El Cap de Barcelona (1991–1992) is a Pop sculpture created by American artist Roy Lichtenstein for the 1992 Summer Olympics in Barcelona, Catalonia, Spain. Its English title is Brushstroke Head IV or Barcelona Head

The sculpture was Lichtenstein's first outdoor work using glazed ceramic tile. It is a reference to Antoni Gaudí and Josep Maria Jujol's trencadís (broken tile) mosaic technique.

The sculpture stands tall on the waterfront in the heart of the city. Made out of concrete, glazed ceramic tile and stainless steel, it is an abstract rendition of a woman's head and appears exactly how one would expect a Lichtenstein sculpture to be. Lichtenstein did not start experimenting with three-dimensional art until the late 1970s, and prior to this his main focus was on pop art. He mainly painted on large canvases and his paintings resembled comic-strip art; his signature use of bold primary colors, thick dark lines, thought bubbles containing context and sound effects, and dots used as a method of shading, can be seen in most of his works from 1961 and later, starting with his painting Look Mickey.

Although it is very abstract, it is clear that the sculpture was made to resemble the head and face of a woman. It is made up of thick pieces of concrete completely covered in red, yellow, blue, black and white mosaic tiles, and from far away it looks like it could be a painting. The woman's eyes look like thick blue and black brush strokes; same with her nose, and her lips look like Lichtenstein could have used a quick stroke of bright red paint. The left third of her face, the side with the blue nose and eye, is covered with white tiles, while the right two thirds of her face is covered in a grid of red dots, typical of Lichtenstein's pop-art style.
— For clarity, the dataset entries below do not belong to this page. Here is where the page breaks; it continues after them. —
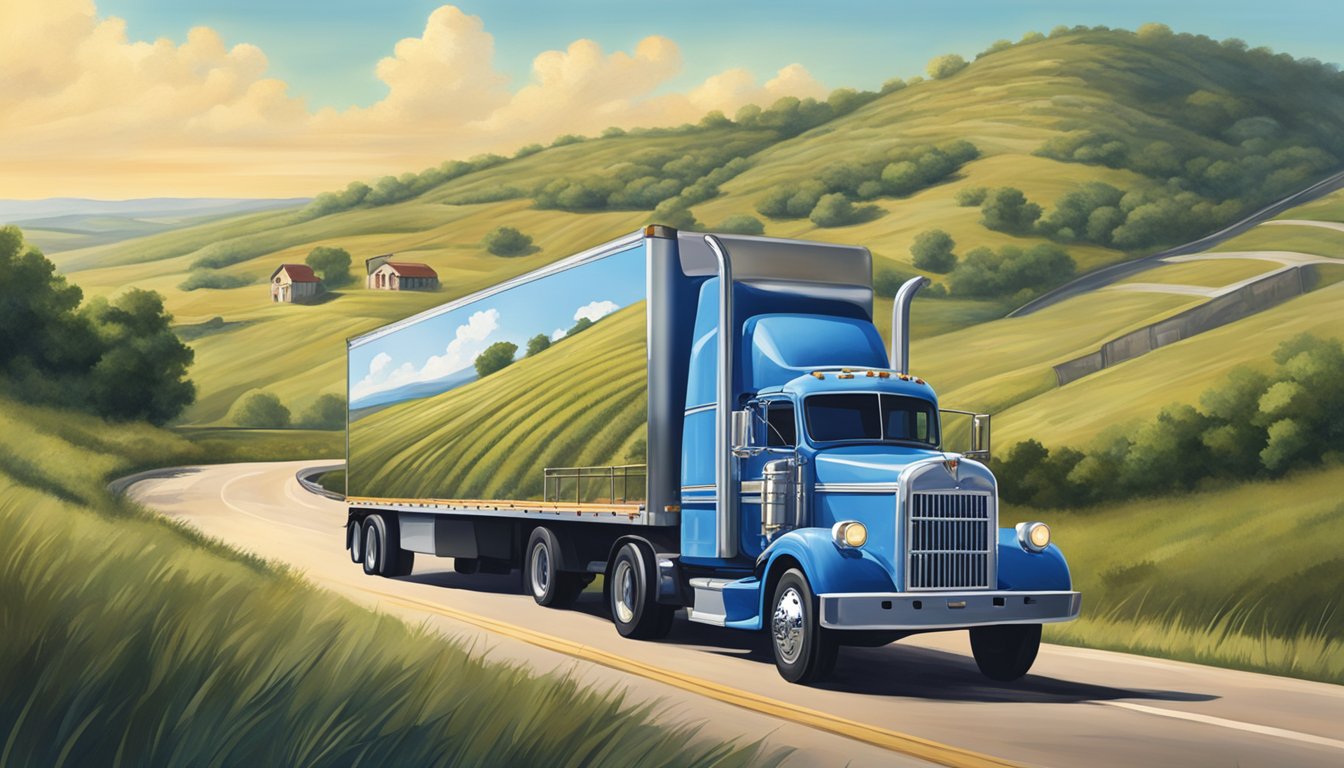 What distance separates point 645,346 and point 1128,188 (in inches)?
5344

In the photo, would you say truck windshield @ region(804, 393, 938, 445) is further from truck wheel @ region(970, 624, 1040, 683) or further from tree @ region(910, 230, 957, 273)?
tree @ region(910, 230, 957, 273)

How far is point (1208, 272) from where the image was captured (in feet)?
327

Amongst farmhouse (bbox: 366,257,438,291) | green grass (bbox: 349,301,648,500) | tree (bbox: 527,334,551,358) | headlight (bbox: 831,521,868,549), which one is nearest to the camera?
headlight (bbox: 831,521,868,549)

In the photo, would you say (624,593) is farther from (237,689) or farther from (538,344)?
(237,689)

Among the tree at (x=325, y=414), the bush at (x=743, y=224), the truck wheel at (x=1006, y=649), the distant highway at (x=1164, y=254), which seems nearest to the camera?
the truck wheel at (x=1006, y=649)

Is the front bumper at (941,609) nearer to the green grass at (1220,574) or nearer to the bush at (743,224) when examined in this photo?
the green grass at (1220,574)

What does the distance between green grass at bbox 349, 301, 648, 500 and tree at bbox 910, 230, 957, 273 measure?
322ft

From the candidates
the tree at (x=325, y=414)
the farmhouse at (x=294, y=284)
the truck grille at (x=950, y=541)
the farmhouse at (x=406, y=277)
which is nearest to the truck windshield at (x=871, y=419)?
the truck grille at (x=950, y=541)

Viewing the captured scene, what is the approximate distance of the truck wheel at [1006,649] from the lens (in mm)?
14359

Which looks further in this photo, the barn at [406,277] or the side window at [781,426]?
the barn at [406,277]

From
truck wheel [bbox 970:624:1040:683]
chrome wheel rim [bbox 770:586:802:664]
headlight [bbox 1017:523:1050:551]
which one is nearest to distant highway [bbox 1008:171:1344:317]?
truck wheel [bbox 970:624:1040:683]

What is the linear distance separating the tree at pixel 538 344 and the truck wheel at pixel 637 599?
11.6 feet

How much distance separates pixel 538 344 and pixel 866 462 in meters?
7.19

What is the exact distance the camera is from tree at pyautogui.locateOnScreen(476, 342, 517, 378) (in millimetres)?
21156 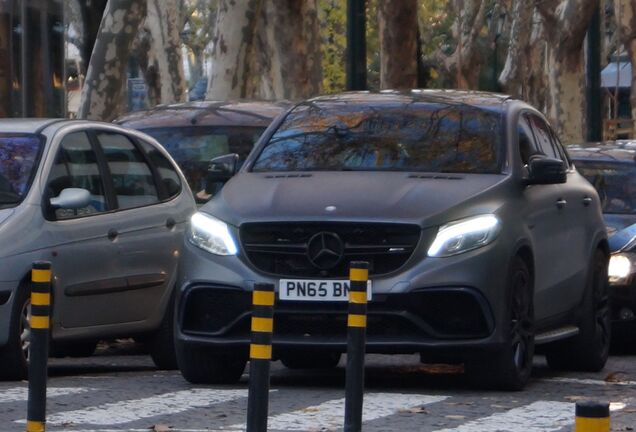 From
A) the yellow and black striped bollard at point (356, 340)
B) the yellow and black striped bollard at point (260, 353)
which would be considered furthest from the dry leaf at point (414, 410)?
the yellow and black striped bollard at point (260, 353)

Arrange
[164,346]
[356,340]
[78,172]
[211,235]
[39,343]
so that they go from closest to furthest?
[39,343] < [356,340] < [211,235] < [78,172] < [164,346]

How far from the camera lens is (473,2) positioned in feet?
168

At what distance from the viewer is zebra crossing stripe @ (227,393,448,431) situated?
28.7 feet

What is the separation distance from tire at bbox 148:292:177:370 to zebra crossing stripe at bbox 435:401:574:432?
10.3ft

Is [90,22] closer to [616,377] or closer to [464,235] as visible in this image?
[616,377]

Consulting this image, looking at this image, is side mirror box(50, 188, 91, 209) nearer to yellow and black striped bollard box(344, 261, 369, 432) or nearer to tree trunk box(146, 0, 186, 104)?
yellow and black striped bollard box(344, 261, 369, 432)

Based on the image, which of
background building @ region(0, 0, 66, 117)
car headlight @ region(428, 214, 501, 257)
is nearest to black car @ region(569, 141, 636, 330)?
car headlight @ region(428, 214, 501, 257)

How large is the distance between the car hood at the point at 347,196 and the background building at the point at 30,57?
1022cm

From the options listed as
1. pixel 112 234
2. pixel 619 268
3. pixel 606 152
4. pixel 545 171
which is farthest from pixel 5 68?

Lichtenstein added other artistic elements to this sculpture as well. Below her head, what would probably be considered the woman's neck, is a tall, flat stroke of blue and white that extends all the way up through her face and ends a few inches above her head. Perpendicular to the blue and white stroke is a stroke of yellow and black, beginning at the bottom and then reappearing at the top of her head.

Similar to his sculptures from the early eighties, specifically his Brushstrokes pieces, the entire sculpture looks like it could have been painted with a few quick strokes of paint. The difference between these earlier pieces and The Head of Barcelona is that his Brushstrokes pieces are created with painted aluminum while The Head is his only piece made out of concrete and covered in mosaic tiles. The reason for this difference in his sculptures is because The Head of Barcelona was built to resemble the style of Antoni Gaudi, a Catalan architect who is famous for employing organic lines and mosaic tiles throughout his architecture, and for which Barcelona is known.